Big data

From Wikibooks, open books for an open world
Jump to navigation Jump to search

PAPER 2 - ⇑ Fundamentals of databases ⇑

← Client server databases Big Data


Specification coverage
  • 3.11 Big data

Big data[edit]

Big data - a generic term for large or complex datasets that are difficult to store and analyse.

Big data is a generic term given to datasets that are so large or complicated that they are difficult to store, manipulate and analyse. The three main features of big data are:

  • volume: the sheer amount of data is on a very large scale
  • variety: the type of data being collected is wide-ranging, varied and may be difficult to classify.
  • velocity: the data changes quickly and may include constantly changing data sources.
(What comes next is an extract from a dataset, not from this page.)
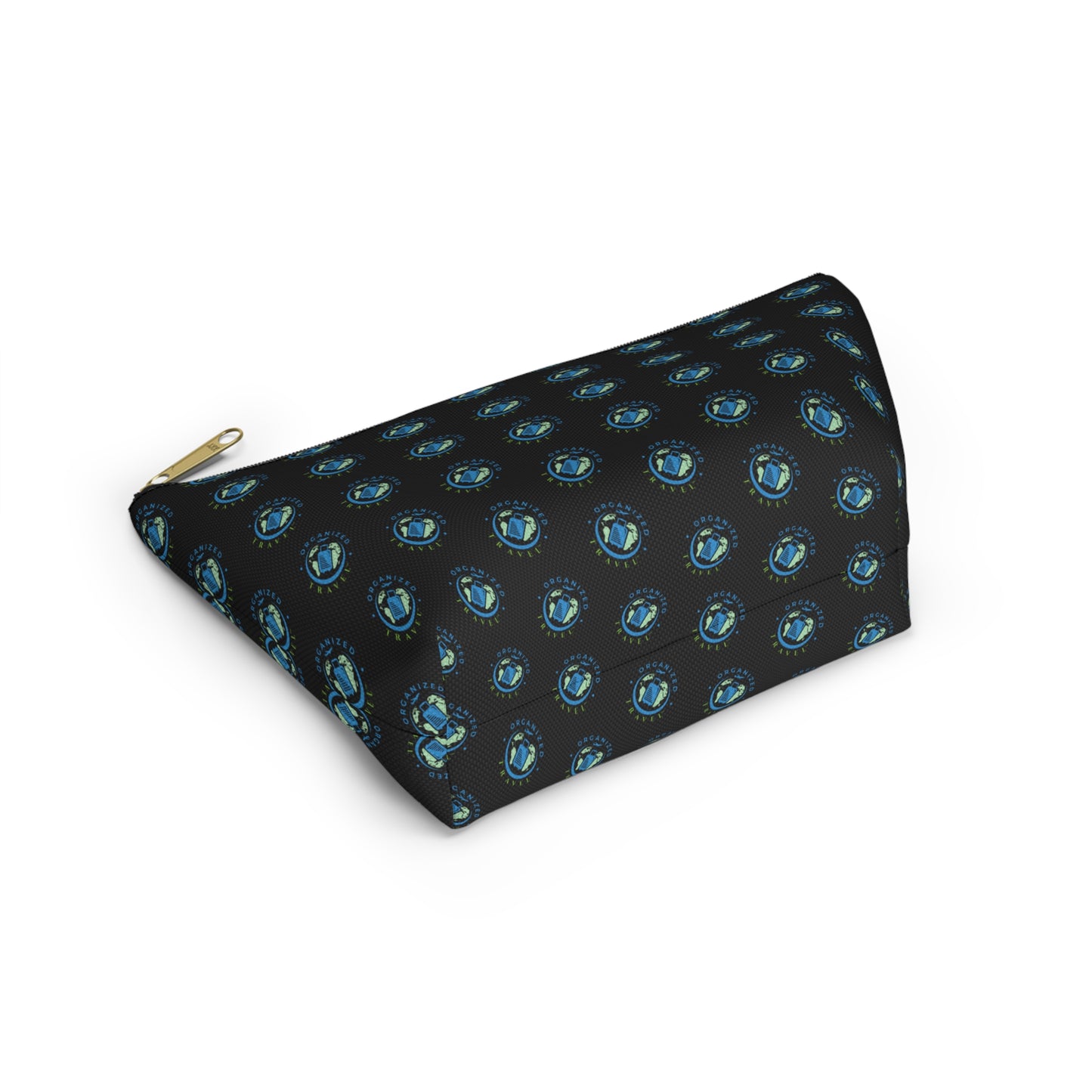 Accessory Pouch w T-bottom (Black)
The lack of structure in Big Data is considered to be the aspect creating the most difficulties. For this reason, traditional data analysis and organisation methods such as relational databases or SQL are no longer useful when it comes to Big Data . However, when the correct techniques are applied to Big Data, a vast amount of useful information can be revealed. Processing Big Data allows professionals such data scientists to spot and analyse hidden patterns and relationships which wouldn't have been easy to interpret before.

Big data is used for different purposes. In some cases, it is used to record factual data such as banking transactions. However, it is increasingly being used to analyse trends and try to make predictions based on relationships and correlations within the data. Big data is being created all the time in many different areas of life. Examples include:

  • scientific research
  • retail
  • banking
  • government
  • mobile networks
  • security
  • real-time applications
  • the Internet.

Latency - the time delay that occurs when transmitting data between devices.
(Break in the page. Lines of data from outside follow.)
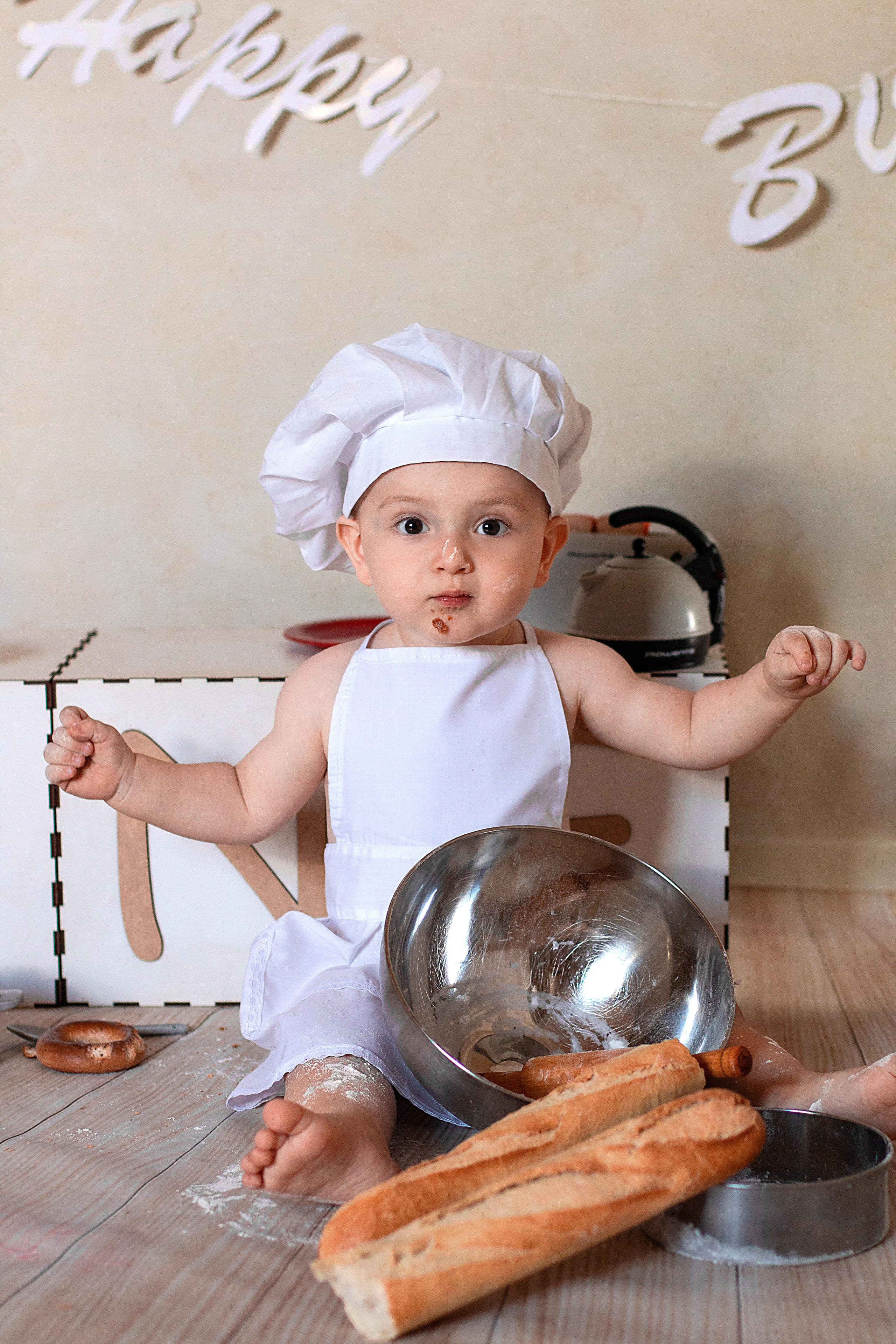 1 год. Детский и семейный фотограф в г. Бельцы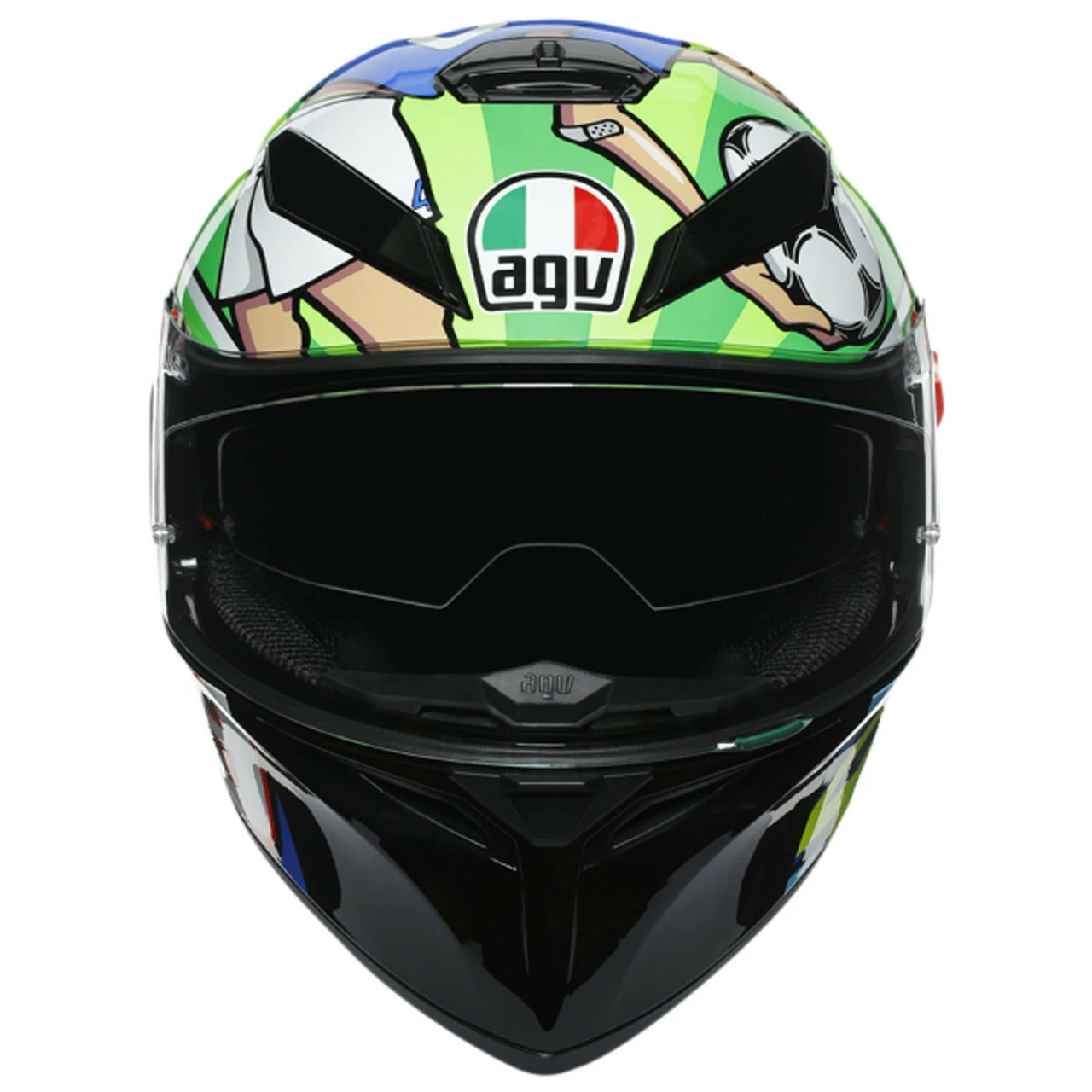 AGV K3 SV Rossi Mugello 2017 Helmet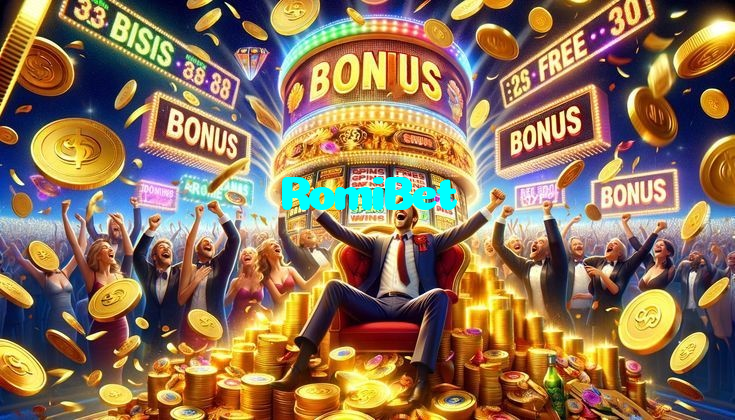 RomiBet casino presented on mobile device in Pakistan with slots and live games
Latency is critical here and could be described as the time delay of the amount of time it takes to turn the raw data into meaningful information. With big data there may be a large degree of latency due to the amount of time taken to access and manipulate the sheer number of records.

Structured and unstructured data[edit]

Structured data - data that fit into a standard database structure of columns and rows (fields and records).

Unstructured data - data that doesn't fit into a standard database structure of columns and rows (fields and records).

Most databases work on the model that the data will fall into columns and rows, otherwise referred to as fields and records. This makes data easy to organise and store as they can be entered into the appropriate fields. When data are analysed, it is relatively easy to carry out searches and sorts to query the data. Some data doesn't fit into this model. Data can be defined as either structured or unstructured.

  • Structured data: data that can be defined using traditional database techniques using fields and records.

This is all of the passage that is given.